While the U.S. is still about two months away from the prime planting season, industry forecasts are predicting that plantings could result in a crop that could be about 850,000–900,000 bales. While this number represents a potential production record for American Pima cotton (the previous record was set in the 2007-2008 crop at 852,000 bales), supply of that cotton is already tightening for a number of reasons.

Current Pima crop sold out

With the current crop virtually sold out, no new supply of American Pima cotton will be available to spinners until the 2011-2012 crop is harvested in November this year.

If spinning mills were unable to secure enough cotton to meet their demand through November of this year, then there will be early pressure on new crop cotton sales as mills will want to ensure that they are able to secure early shipments of the new crop. This seems to be the case already as 267,700 bales of the new crop have already been sold.
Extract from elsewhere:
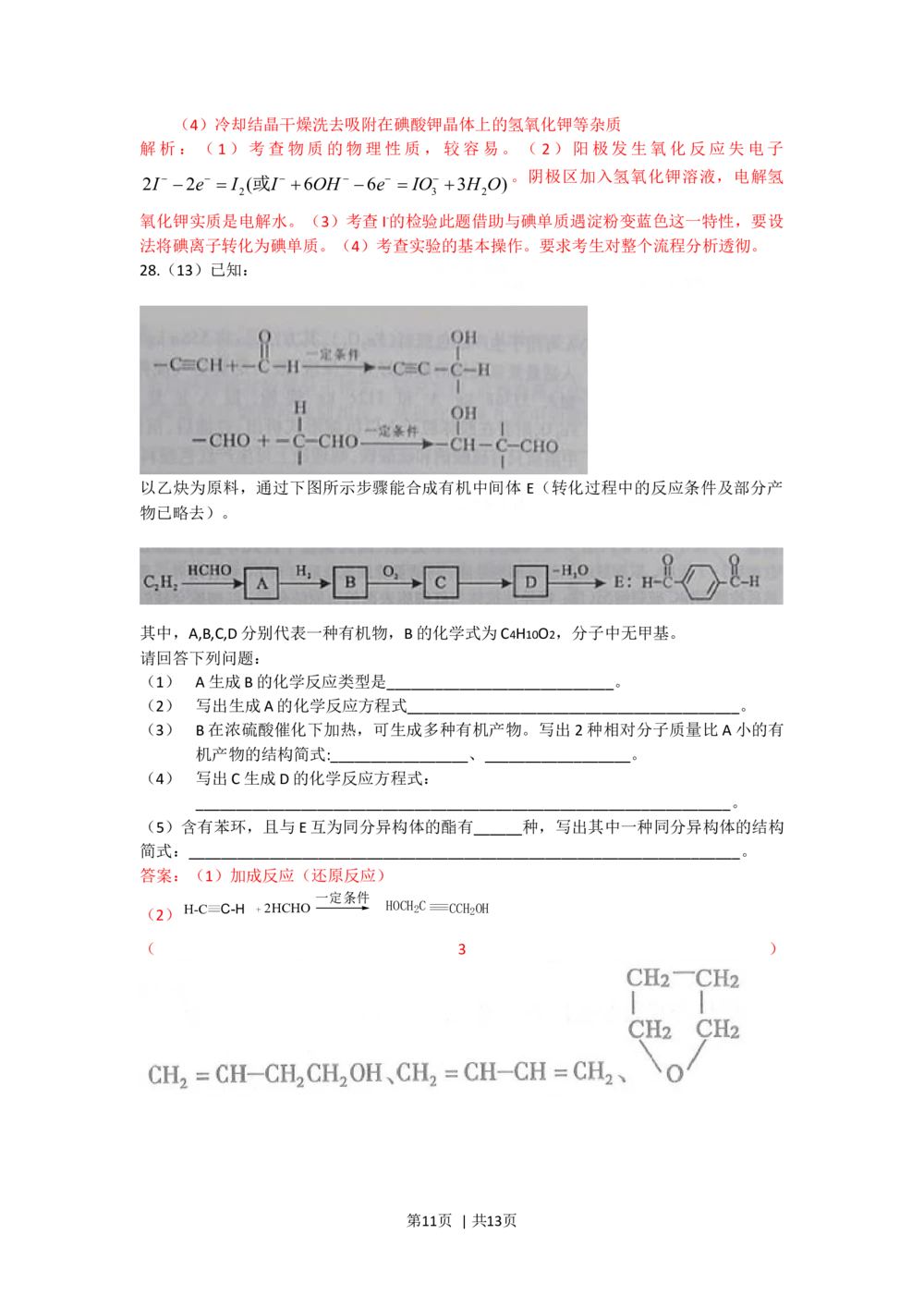 2010年高考化学试卷（四川）（解析卷）_历年高考真题合集_化学历年高考真题_新&middot;Word版2008-2025&middot;高考化学真题_化学（按年份分类）2008-2025_2010&middot;高考化学真题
This situation puts additional pressure on the supply side as it is foreseeable that about 30 percent of the new crop will already be sold by the time plantings start. With most new crop sales probably booked for prompt shipments and for top quality cotton, merchants are going to become ever more hesitant to offer bales for sale into the market as they themselves will not be willing to take on more risk on a yet unplanted crop and uncertainty about production and quality.
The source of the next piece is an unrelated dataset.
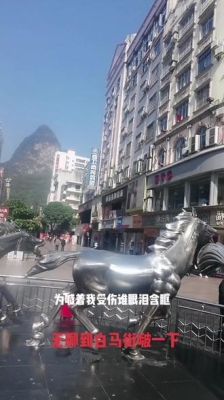 赤峰白馬街小偷電話號碼查詢-第1張圖片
Additionally, with most of the early sales for prompt shipment, that means any spinning mill coming to the market now will be looking at cotton from a purchase made today, potentially not making it on a vessel for shipment until February/March of 2012. As mentioned earlier, a total of 278,900 bales had been shipped of the current crop as of Feb. 25. That number is very similar to the quantity of bales that have already been sold for the new crop.
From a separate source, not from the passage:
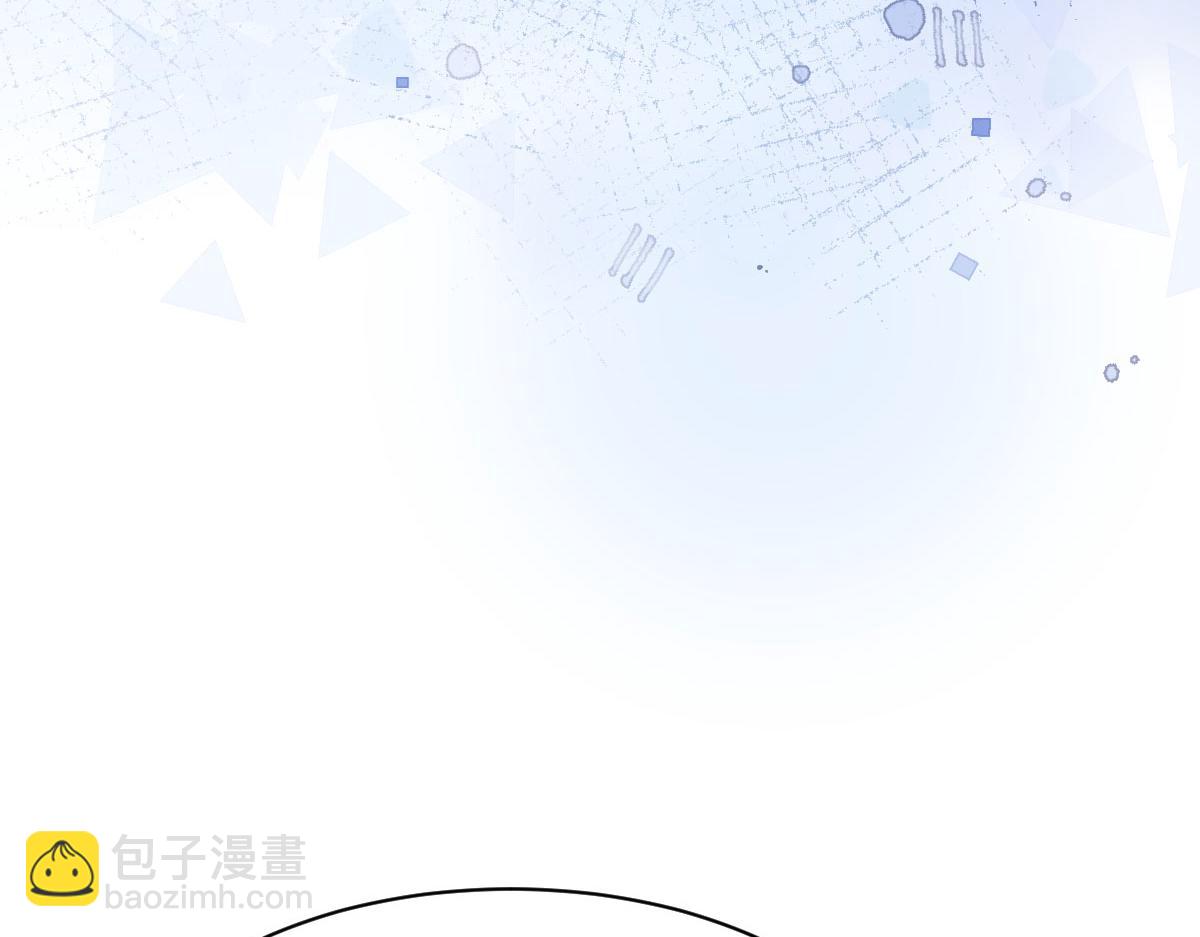 48 还好没看错人(1/4)-第49话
As this tight supply situation continues to play out, it is having a significant impact on prices. Quotations from Cotton Outlook for American Pima prices had risen to a level of $3.05 per pound on a CNF Far East basis before the quotation was dropped from the daily report; presumably because supply has basically run out.

For the new crop quotation, Cotton Outlook’s recent report places the American Pima quotation at $2.25 per pound already up from $1.70 per pound starting point at the end of last October.

Even with prices having set new record highs, demand for American Pima and ELS cotton continues to remain consistent. Weekly sales continue to register sales of approximately 10,000 bales per week for the current crop and slightly more for the new crop. Now with the current crop basically sold out, the focus will shift more squarely upon the 2011-2012 crop and its tightening supply.